It should come as no surprise that the statists editorialists writing for North Carolina’s major newspapers oppose the Article V Convention of States because —-gasp—it would place limits on the power of the federal government. A state Senate bill would submit North Carolina’s application to the Convention of States, but it remains stalled in committee.
I noted earlier this year how Greensboro News & Record editorial writer Doug Clark expressed his “amazement” that “that a majority in our state Senate thinks the U.S. Constitution is so defective that it needs a potentially massive rewrite.”
Now the Charlotte Observer weighs in:
The convention would be “limited to proposing amendments to the United States Constitution that impose fiscal restraints on the federal government, limit the power and jurisdiction of the federal government and limit the terms of office for its officials and for members of Congress.”
In other words, the convention would be limited to an enormous Pandora’s Box of mischief.

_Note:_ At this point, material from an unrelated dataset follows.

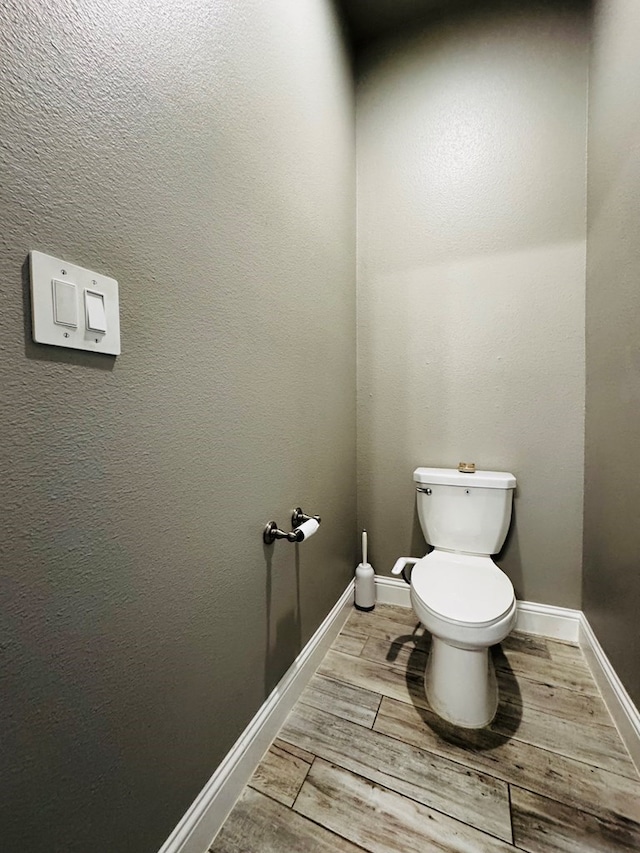 bathroom featuring toilet, baseboards, and wood finished floors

America hasn’t held a constitutional convention since 1787. Given the quality of the statesmen we have today compared with then, and given the dangerous polarization that marks the United States today, calling one now could spiral into unknown territory and is an exceedingly bad idea.
Note the Observer makes the broad assumption that Thomas Jefferson would be “among those who would not be at a second constitutional convention.” That might come as surprise to the legal minds who issued the Jefferson Statement.